Guess and pass: No math required
Guessing C on every multiple-choice question was enough to pass New York's Regents exam for Algebra I this year, writes math teacher Ed Knight. Pre-pandemic, students who answered 30 percent of multiple-choice questions could pass, even if they didn't try to answer the "constructed response" questions. This year, 19.6 percent on the four-answer multiple-choice section and 0 on "constructed response" was good enough.
His student "River," rarely in class and knowing no algebra, passed. He deviated from all C's to mark B for two answers, both of which were C. But he made that up by trying a constructed response question.
Knight shows one worth four points out of the 17 needed to pass.

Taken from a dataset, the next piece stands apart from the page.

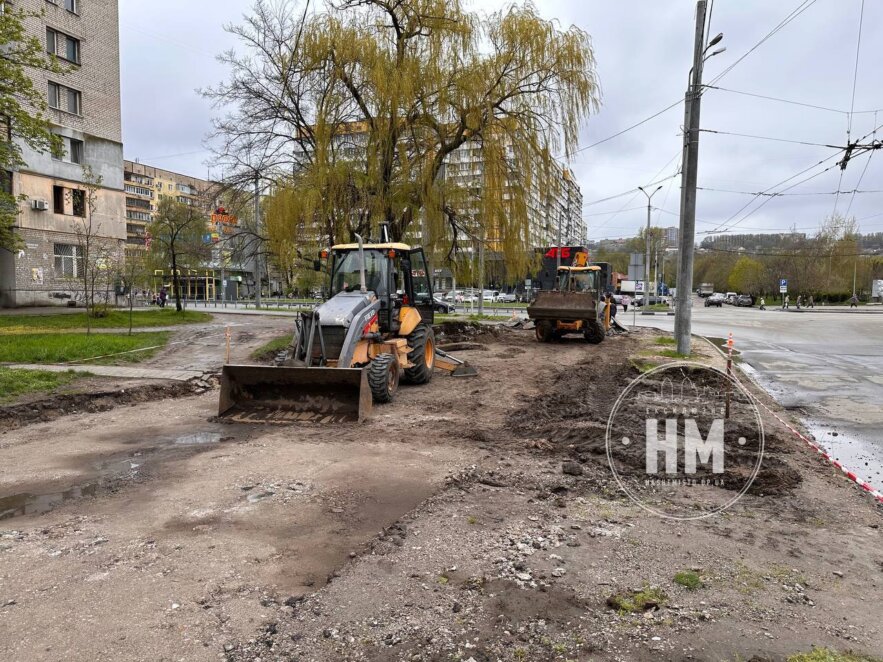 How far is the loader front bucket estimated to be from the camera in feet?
26.2

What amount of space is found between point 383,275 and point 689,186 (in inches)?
378

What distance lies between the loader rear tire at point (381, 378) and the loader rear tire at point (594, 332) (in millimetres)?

It requires the ability to read a graph.
The Algebra I test is "stuffed with know-the-definition, yes-or-no questions and reading comprehension questions without any algebra required," writes Knight. "Other questions require nothing more than copying a graph from a calculator, and yes, graphing calculators are not just allowed, but required."
Regents exams "matter for scholarships and 'free' college programs and what courses you can take at SUNY universities and university honors programs and — and do not underestimate how highly parents and students value this — which cords a high school graduate wears around her neck at graduation," writes Knight.
Furthermore, a school with terrible test scores will be classified as a “focus” school, generating "mountains of additional paperwork, meetings, and ultimately a humiliating loss of local control."
So everyone has an incentive to make the tests very easy to pass.